I have two but the best one I have is the 2 x 4 and 2 x 6 made one ,it was 36" tall but I cut it down to 24" tall, it has 3ea. 3/4" x 4' x 8 ' MDF top and a vinyl cover over that and a 1/4" x 3' x 8' glass top (for glue up items) ,it's a bit of a tank and takes 2 floor jacks to move it around the shop..

==


----------



## rrj (Jan 16, 2012)

Mike & Robert,
Mike, thanks. That is what I did. I was in the shop taking pictures and thinking about why Robert wanted pictures and then realized that I made a typo. I meant to say edge grain up not end grain up.
Bob


----------



## Bob in St.

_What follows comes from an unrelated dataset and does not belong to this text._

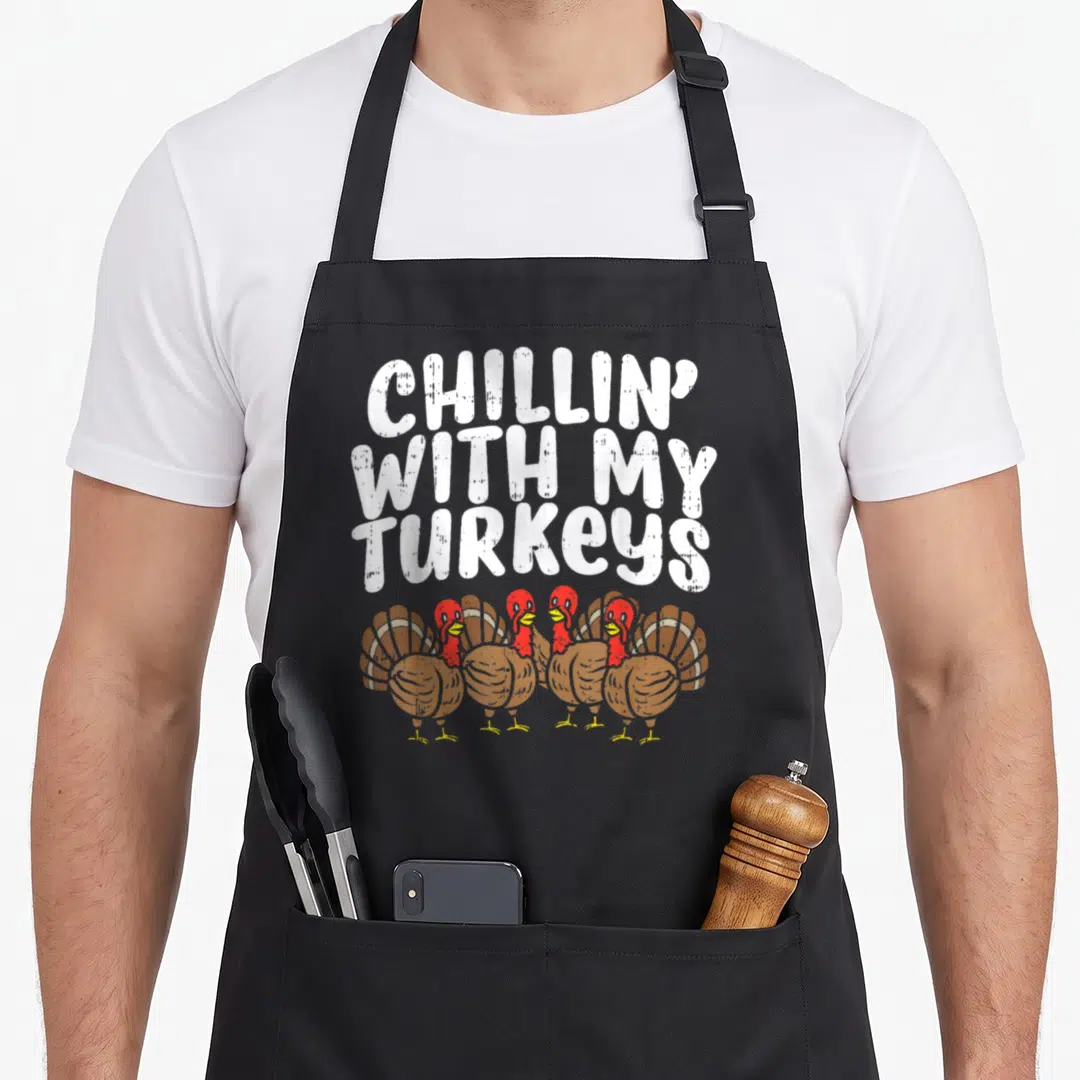 Chillin thanksgiving aprons - Three lines of white text above four cartoon turkeys with red heads and brown feathers — shown on a black cotton canvas apron against a white background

Louis (Jan 24, 2012)

Mine is a wall mounted 12' running length of 2"x4" framework covered first with scraps of MDF, then two layers of 1/4" plywood. 
Once the top got ugly looking (took about 5 years), I ran a belt sander across it, then glued a thin sheet of Luan on top. The Luan lasted about another five years and it's about time to put another sheet on top. The nice thing about that, is you can buy a sheet for $8, and for a 24" wide bench on the wall, I get enough material to cover the whole thing. Not a bad deal for $8.

Bob


----------



## jamays (Nov 4, 2012)

*Great suggestion!*

I followed sourdough's suggestion and it worked great!



sourdough said:


> My bench basic, built of 2X4 and 2X6 frame. Shelf across bottom and ends enclosed with 3/4 ply. The way I did the top was double 3/4 ply, then used 1X3 oak trim all the way around, setting it 1/4" higher than ply top. Dropped smooth face hardboard within that lip and a little glue. When top goes to hell, pop it up and out and put a new piece in. My bench takes two men to move and the hardboard top lasts longer than you think.
> Unless you do a lot of freehand chain saw carving, jackhammer sculpting or engine rebuilding on it. I'd make another one in a minute.


----------